As an adult, that constructive outrage propelled Bensouda to the offices of Gambia's Minister of Justice and then on to an advisory role at the International Criminal Tribunal for Rwanda in Arusha, Tanzania, before joining the International Criminal Court (ICC) in the Hague as its inaugural deputy prosecutor in 2004. She will take over from Luis Moreno-Ocampo as chief prosecutor on June 16.

The ICC was set up to try the worst crimes, like genocide, and — since many of the worst criminals are despots who control national courts — to provide a venue where those criminals can be called to account. The international court was a natural fit for Bensouda, now 51. "Human rights are inherent rights," she says. "You ought to be able to have justice if those rights are violated."

Lofty ideals, no doubt. But as a practical tool of justice, in the 10 years since the Rome Statute established it and in the seven years since it became operational, the ICC has disappointed. There are atrocities aplenty from Syria to Sudan, Colombia to North Korea. But the ICC has managed just one conviction — in March this year, of a lesser Congolese warlord, Thomas Lubanga, on charges of using child soldiers. Indicted leaders such as Sudanese President Omar Hassan al-Bashir and the Ugandan Lord's Resistance Army leader Joseph Kony are still at large. Many more leaders are never even indicted.

To an extent, the ICC's attempts to extend international justice to the world were undermined from the start by a set of founding statutes that made it subservient to national powers. The ICC has no police of its own and has to rely on national forces to serve its indictments. The rules under which it operates mean it can only rarely be proactive; mostly it must be asked to intervene, either by the country in question or the U.N. Security Council. Even membership itself is voluntary. Zimbabwe and Syria have not signed the Rome Statute, as you might expect, but neither have major powers like China and the U.S.

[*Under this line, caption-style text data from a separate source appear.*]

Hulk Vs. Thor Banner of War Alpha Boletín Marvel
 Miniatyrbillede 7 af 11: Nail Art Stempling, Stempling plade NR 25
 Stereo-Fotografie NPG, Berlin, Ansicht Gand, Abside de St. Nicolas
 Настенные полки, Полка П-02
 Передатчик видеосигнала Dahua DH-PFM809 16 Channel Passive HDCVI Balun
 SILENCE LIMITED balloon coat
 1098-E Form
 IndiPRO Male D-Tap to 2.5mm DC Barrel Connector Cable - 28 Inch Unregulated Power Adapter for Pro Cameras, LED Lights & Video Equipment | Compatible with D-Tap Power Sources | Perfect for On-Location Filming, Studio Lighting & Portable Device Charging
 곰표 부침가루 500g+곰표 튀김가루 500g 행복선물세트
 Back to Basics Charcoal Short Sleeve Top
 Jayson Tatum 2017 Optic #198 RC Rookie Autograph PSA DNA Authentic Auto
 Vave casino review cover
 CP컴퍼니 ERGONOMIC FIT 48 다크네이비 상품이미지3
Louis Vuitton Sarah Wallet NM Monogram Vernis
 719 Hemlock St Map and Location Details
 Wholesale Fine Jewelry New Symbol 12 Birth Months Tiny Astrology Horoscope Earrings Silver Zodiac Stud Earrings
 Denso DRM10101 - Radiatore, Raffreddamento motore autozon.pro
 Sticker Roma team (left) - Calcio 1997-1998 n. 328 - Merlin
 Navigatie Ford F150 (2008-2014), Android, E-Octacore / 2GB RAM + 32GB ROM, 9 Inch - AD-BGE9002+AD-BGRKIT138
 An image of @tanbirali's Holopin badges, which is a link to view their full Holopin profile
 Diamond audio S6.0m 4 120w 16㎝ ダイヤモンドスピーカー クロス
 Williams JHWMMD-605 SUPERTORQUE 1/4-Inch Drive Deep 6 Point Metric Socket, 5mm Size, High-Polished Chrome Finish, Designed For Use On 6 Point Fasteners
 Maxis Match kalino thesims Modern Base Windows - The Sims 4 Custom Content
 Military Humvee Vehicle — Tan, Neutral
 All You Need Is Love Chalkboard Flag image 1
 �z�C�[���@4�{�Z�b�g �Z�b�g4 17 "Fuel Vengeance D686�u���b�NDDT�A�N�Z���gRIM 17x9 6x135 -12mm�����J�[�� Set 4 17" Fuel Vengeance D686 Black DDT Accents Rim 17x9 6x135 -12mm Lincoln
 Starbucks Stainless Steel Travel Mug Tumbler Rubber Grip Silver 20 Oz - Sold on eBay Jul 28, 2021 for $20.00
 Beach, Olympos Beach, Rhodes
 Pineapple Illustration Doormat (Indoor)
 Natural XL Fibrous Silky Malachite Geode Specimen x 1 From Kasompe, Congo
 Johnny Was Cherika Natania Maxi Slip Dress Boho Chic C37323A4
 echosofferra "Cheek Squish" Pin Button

But the ICC has scored own goals too. Justice has rarely been this slow or expensive. Lubanga was arrested in 2006. With suspects and witnesses flown in from around the world and accommodated for months or even years in a foreign country, each ICC trial costs tens of millions of dollars. And even though war crimes are committed all over the world, the ICC's indictments have sparked accusations of Western discrimination. Though investigations are more widespread, the combination of war, bad leaders and impunity in many African countries means that all six indictments issued so far are against Africans.

If international justice is to thrive, costs must fall and caseloads must rise. In particular, with a dozen conflicts on the continent, says John Prendergast, a co-founder of Africa-rights group the Enough Project, "African support is critical." That's one reason for the excitement over Bensouda. Moreno-Ocampo, who issued the six African indictments, is an urbane and mercurial Argentine, Western in appearance and manner. In contrast, Bensouda is an African, a lawyer with extensive experience in African justice and a woman from a continent still too often ruled by Big Men, many of whom use rape as a weapon of war. All that makes it hard to accuse her of being imperialist, as Moreno-Ocampo was said to be, when she says, "If there is one continent that needs accountability and justice, it is Africa."

Ultimately, however, if the ICC is to be accepted by all, its chief prosecutor must be seen as fair to all. "Being an African woman in this position is important. [But that] does not mean I will be the prosecutor for Africa. I will go where crimes are committed. No matter who they are, no matter how far they run, sooner or later they will all face justice."